Oracle Scratchpad

September 20, 2021

Optimizer Tip

Filed under: CBO,extended stats,Indexing,Oracle,Statistics — Jonathan Lewis @ 9:04 am BST Sep 20,2021

This is a note I drafted in March 2016, starting with a comment that it had been about that time the previous year that I had written:

I’ve just responded to the call for items for the “IOUG Quick Tips” booklet for 2015 – so it’s probably about time to post the quick tip that I put into the 2014 issue. It’s probably nothing new to most readers of the blog, but sometimes an old thing presented in a new way offers fresh insights or better comprehension.

I keep finding ancient drafts like this (there are still more than 730 drafts on my blog at present – which means one per day for the next 2 years!) and if they still seem relevant – even if they are a little behind the times – I’ve taken to dusting them down and publishing.

With the passing of time, though, new information becomes available, algorithms change, and (occasionally) I discover I’ve made a significant error in my inferences.
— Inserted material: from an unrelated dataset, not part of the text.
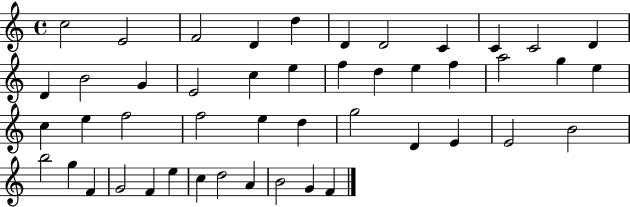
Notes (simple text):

C5/h E4/h F4/h D4/q D5/q D4/q D4/h C4/q C4/q C4/h D4/q D4/q B4/h G4/q E4/h C5/q E5/q F5/q D5/q E5/q F5/q A5/h G5/q E5/q C5/q E5/q F5/h F5/h E5/q D5/q G5/h D4/q E4/q E4/h B4/h B5/h G5/q F4/q G4/h F4/q E5/q C5/q D5/h A4/q B4/h G4/q F4/q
In this case  there are a couple of important additions that I’ve added to the end of the note.

Optimizer Tips (IOUG Quick Tips 2015)

There are two very common reasons why the optimizer picks a bad execution plan. The first is that its estimate of the required data volume is bad, the second is that it has a misleading impression of how scattered that data is.

The first issue is often due to problems with the selectivity of complex predicates, the second to unsuitable values for the clustering_factor of potentially useful indexes. Recent [ed: i.e. pre-2015] versions of the Oracle software have given us features that try to address both these issues, and I’m going to comment on them in the following note.
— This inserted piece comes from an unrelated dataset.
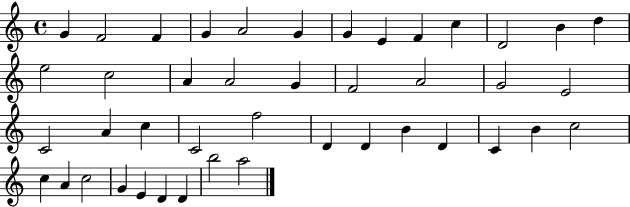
G4/q F4/h F4/q G4/q A4/h G4/q G4/q E4/q F4/q C5/q D4/h B4/q D5/q E5/h C5/h A4/q A4/h G4/q F4/h A4/h G4/h E4/h C4/h A4/q C5/q C4/h F5/h D4/q D4/q B4/q D4/q C4/q B4/q C5/h C5/q A4/q C5/h G4/q E4/q D4/q D4/q B5/h A5/h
As always, any change can have side effects – introducing a new feature might have no effect on 99% of what we do, a beneficial effect on 99% of the remainder, and a hideous effect on the 1% of 1% that’s left, so I will be commenting on both the pros and cons of both features.

Column Group Stats

The optimizer assumes that the data in two different columns of a single table are independent – for example the registration number on your car (probably) has nothing to do with the account number of your bank account. So when we execute queries like:

     colX = 'abcd'
and  colY = 'wxyz'

the optimizer’s calculations will be something like:

“one row in 5,000 is likely to have colX = ‘abcd’ and one row in 2,000 is likely to have colY = ‘wxyz’, so the combination will probably appear in roughly one row in ten million”.

On the other hand we often find tables that do things like storing post codes (zipcodes) in one column and city names in another, and there’s a strong correlation between post codes and city – for example the district code (first part of the post code) “OX1” will be in the city of Oxford (Oxfordshire, UK). So if we query a table of addresses for rows where:

     district_code = 'OX1'
and  city          = 'Oxford

there’s a degree of redundancy, but the optimizer will multiple the total number of distinct district codes in the UK by the total number of distinct city names in the UK as it tries to work out the number of addresses that match the combined predicate and will come up with a result that is far too small.
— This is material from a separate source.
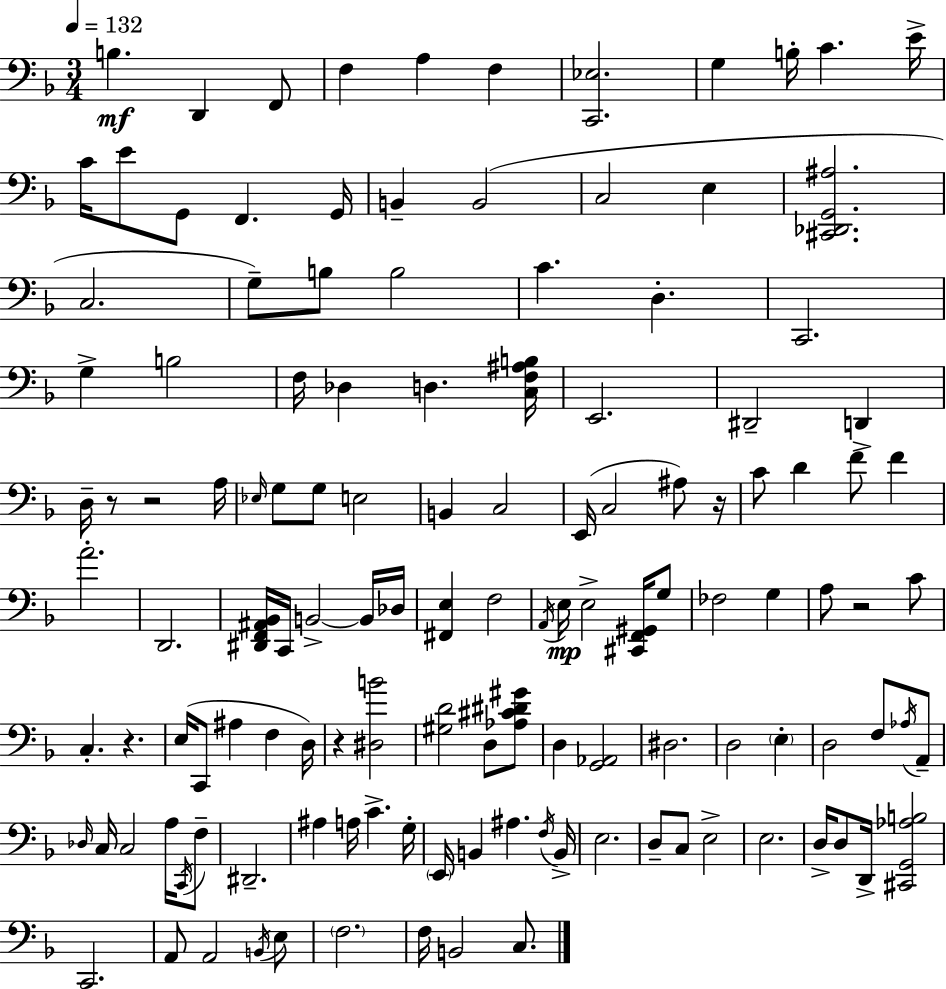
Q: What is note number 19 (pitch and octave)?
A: E3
In cases like this we can define “column group” statistics about combinations of columns that we query together, using the function dbms_stats.create_extended_stats(). This function will create a type of virtual column for a table and report the system-generated name back to us, and we will be able to see that name in the view user_tab_cols, and the definition in the view user_stat_extensions. If we define a column group in this way we then need to gather stats on it, which we can do in one of two ways, either by using the generated name or by using the expression that created it.


SQL> create table addresses (district_code varchar2(8), city varchar2(40));

Table created.

SQL> execute dbms_output.put_line( -
>        dbms_stats.create_extended_stats( -
>            user,'addresses','(district_code, city)'))

SYS_STU12RZM_07240SN3V2667EQLW

PL/SQL procedure successfully completed.

begin
        dbms_stats.gather_table_stats(
                user, 'addresses',
                method_opt => 'for columns SYS_STU12RZM_07240SN3V2667EQLW size 1'
        );
        dbms_stats.gather_table_stats(
                user, 'addresses',
                method_opt => 'for columns (district_code, city) size 1'
        );
end;
/

I’ve included both options in the anonymous pl/sql block, but you only need one of them. In fact if you use the second one without calling create_extended_stats() first Oracle will create the column group implicitly, but you won’t know what it’s called until you query user_stat_extensions.

I’ve limited the stats collection to basic stats with the “size 1” option. You can collect a histogram on a column group but since the optimizer can only use a column group with equality predicates you should only create a histogram in the special cases where you know that you’re going to get a frequency histogram or “Top-N” histogram.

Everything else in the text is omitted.